:: ASSIGNMENT ::
An exact copy of every entry is the answer here, with no pictures.

:: DATA RECORDS ::

---*---

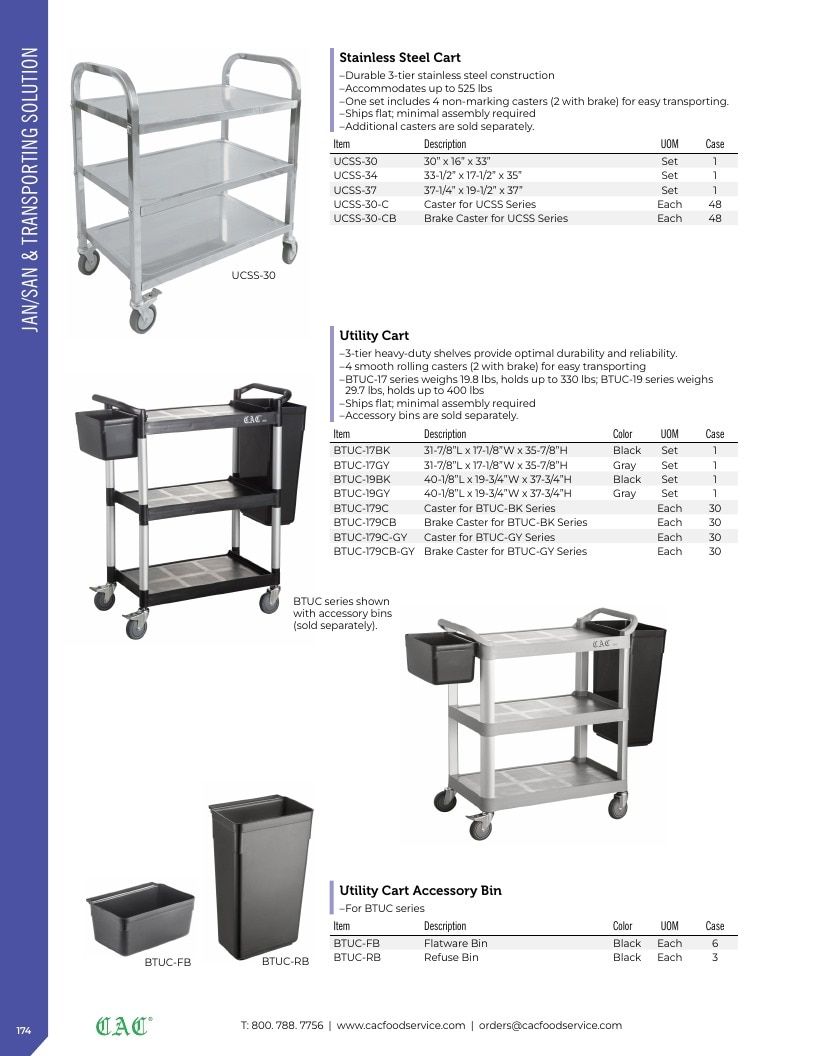 C.A.C. Foodservice Smallwares Catalog Weekly Ad January 1 - December 31, 2026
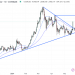 Will SEC Approve Ethereum ETFs? Ether (ETH) Price Explodes Higher Amid Rumors of SEC U-Turn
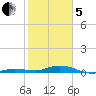 Pigeon Key tide chart for Wednesday, February 5, 2025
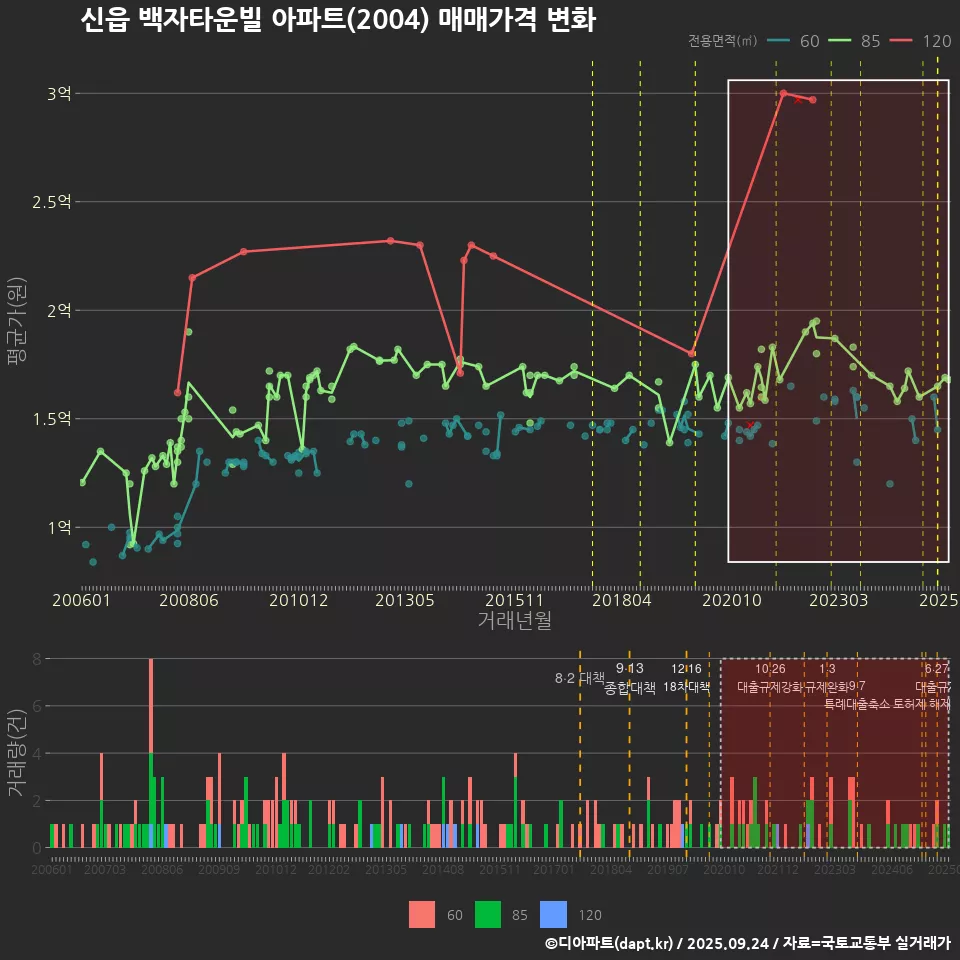 신읍 백자타운빌 아파트(2004) 매매가격 변화
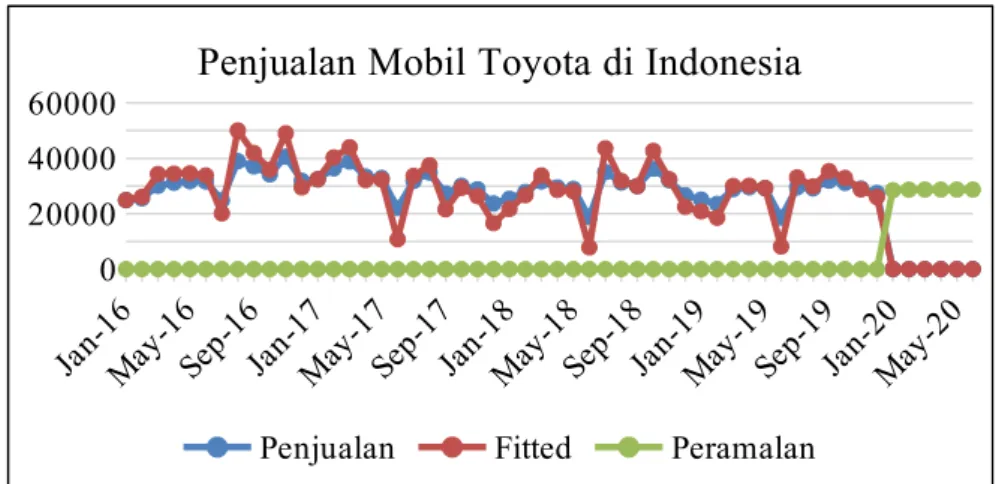 Gambar 4.10.3.1 Plot Peramalan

---*---

:: OUTPUT OF THE EXERCISE ::
 C.A.C. Foodservice Smallwares Catalog Weekly Ad January 1 - December 31, 2026
 Will SEC Approve Ethereum ETFs? Ether (ETH) Price Explodes Higher Amid Rumors of SEC U-Turn
 Pigeon Key tide chart for Wednesday, February 5, 2025
 신읍 백자타운빌 아파트(2004) 매매가격 변화
 Gambar 4.10.3.1 Plot Peramalan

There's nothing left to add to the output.